Bamboo notifies merchants asynchronously about the final status of a transaction or chargeback through Webhooks. The merchant must publish an HTTP/REST endpoint capable of receiving and validating these notifications.

Authentication and Signature

Each notification sent by Bamboo includes a digital signature in the request header.
The merchant must validate this signature to ensure the message’s authenticity and prevent tampering.

Property	Type	Description
Method	`POST`	All webhook notifications use the HTTP POST method.
Content-Type	`application/json`	The request body is formatted in JSON.
Authentication	Header signature	HMAC SHA-256 generated using the merchant’s private key.
Response	HTTP Status Code	`200 OK` confirms successful processing.
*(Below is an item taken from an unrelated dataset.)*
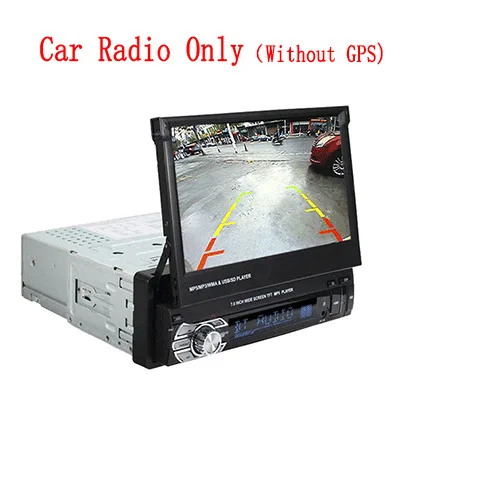 Podofo 1 din " Универсальный Автомобильный Радио gps навигация Авторадио Видео плеер Bluetooth выдвижной сенсорный экран MP5 стерео аудио - Цвет: Car Radio No GPS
Any other code triggers retries.

Signature validation example

var key = merchantSecretKey;
var receivedData = PurchaseId + Amount + Currency + utcNow; // dateSent header
var expectedSignature = CryptoJS.HmacSHA256(receivedData, key).toString(CryptoJS.enc.Hex);

if (expectedSignature === receivedSignature)
  console.log("Signature is valid");
else
  console.log("Invalid signature");

⚠️
Always validate the signature using your private key before processing any notification.

Retry Policy

If the merchant’s endpoint does not respond with HTTP 200 (OK), Bamboo automatically retries the webhook notification up to five times, with increasing intervals between each attempt.
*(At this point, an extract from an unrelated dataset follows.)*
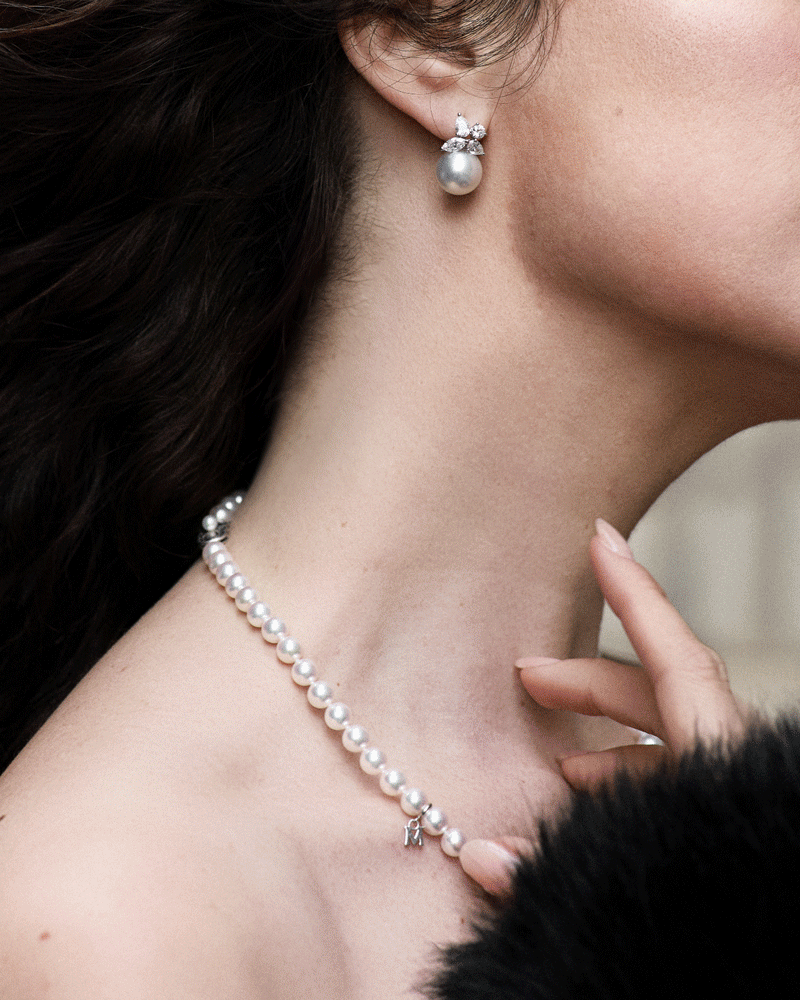 Mikimoto pearl necklaces, bracelets, rings, and earrings Mikimoto pearl necklaces, bracelets, rings, and earrings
Attempt	Delay after previous try
1st retry	15 minutes
2nd retry	30 minutes
3rd retry	1 hour
4th retry	3 hours
5th retry	6 hours

If all retries fail, the notification will stop being sent automatically. For additional retry attempts or to manually reprocess a webhook, contact Bamboo Support.

💡
Ensure your webhook endpoint returns HTTP 200 (OK) after successful processing to prevent duplicate notifications.

Webhook Types

Bamboo supports two webhook types, depending on the information required by the merchant system.

Transaction Webhook

Sends notifications about the final status of any transaction, including purchases and refunds.

Chargeback Webhook

Sends notifications when a chargeback is created or its status changes.